Fig. 7: MCA–IIs directly interact with PUX10 in cells.

a Confocal micrographs of lipid droplets stained with LipidTOX in the hypocotyl region of embryos after 2 days stratification of a line co-expressing RPS5apro:MCA-II-a-tagRFP and PUX10pro:PUX10-GFP. In the insets denoted with “a”, orange arrowheads show a lack of colocalization between MCA-II-a/PUX10 with LipidTOX; “(b)”, yellow arrowheads show the MCA-II-a/PUX10 colocalization with LipidTOX; “(c)”, same as in “(a)”, showing that lack of colocalization with relatively larger droplets. Scale bars, 10 μm. The micrographs on the bottom show a surface Z-axis of cells, for better visualization of the PUX10 droplets. The yellow arrowheads show colocalized PUX10/MCA-II-a, while the orange arrowhead shows a lack of colocalization (note the increased signal intensity of PUX10 in this instance). The Pearson correlation coefficient (r) represents the colocalization between GFP and tagRFP signals in droplets.
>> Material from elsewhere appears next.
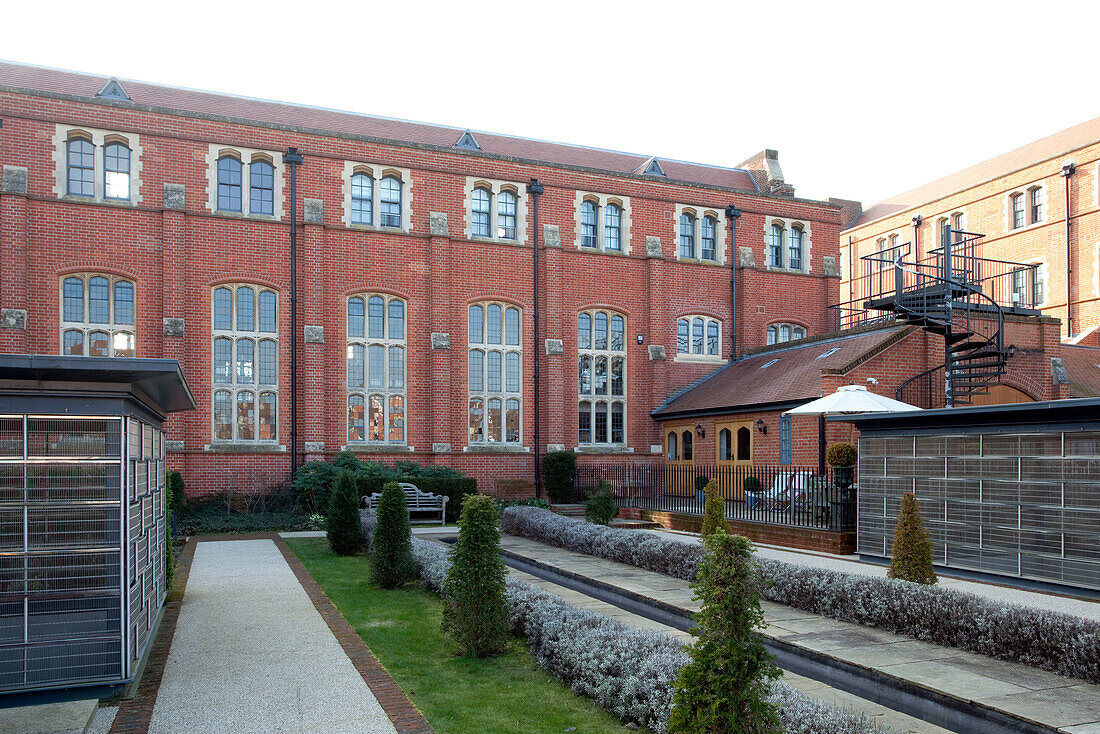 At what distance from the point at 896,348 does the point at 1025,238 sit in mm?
21156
Scale bars, 10 μm (N > 5, n = 1 replicate with ≥10 seedlings). b Representative confocal micrographs (lower) of PLA signal (PLA foci denoted with magenta) indicating the interaction between HF-MCA-II-a-tagRFP (HF: 6xHis-3xFLAG tag) with PUX10-GFP (α-FLAG and α-GFP) from epidermal cells of meristematic cells from root. Yellow arrowheads denote detectable PUX10/MCA-II-a signals, while the orange arrowhead denotes submicroscopic PUX10/MCA-II-a signals that produce PLA (i.e., interactions outside droplets). Scale bar (in “PLA” for visibility), 10 μm. Lower chart: corresponding quantification of PLA-positive foci. P-values were calculated by one-way ANOVA (N = 3, n = 1 replicate with multiple cells). c The “sensitized emission” FRET (FRET-SE) approach, where the emission spectrum of the donor (1) overlaps with the excitation spectrum of the acceptor (2), and if the distance between the two molecules is sufficiently short (i.e., connoting association), energy is transferred (3). d Confocal micrograph showing FRET-SE intensity between PUX10-GFP and MCA-II-a-tagRFP from root epidermal cells. Scale bar, 5 μm. Bottom graph: FRET-SE between PUX10-GFP and MCA-II-a-tagRFP in the absence (mock) or presence of 50 μM MG132. GFP represents the negative control (free GFP; lines co-expressing GFP with MCA-II-a-tagRFP). P-values were calculated by ordinary one-way ANOVA (N = 2, n = 2 roots ≥ 7 cells 5 DPG). Source data are provided as a Source Data file.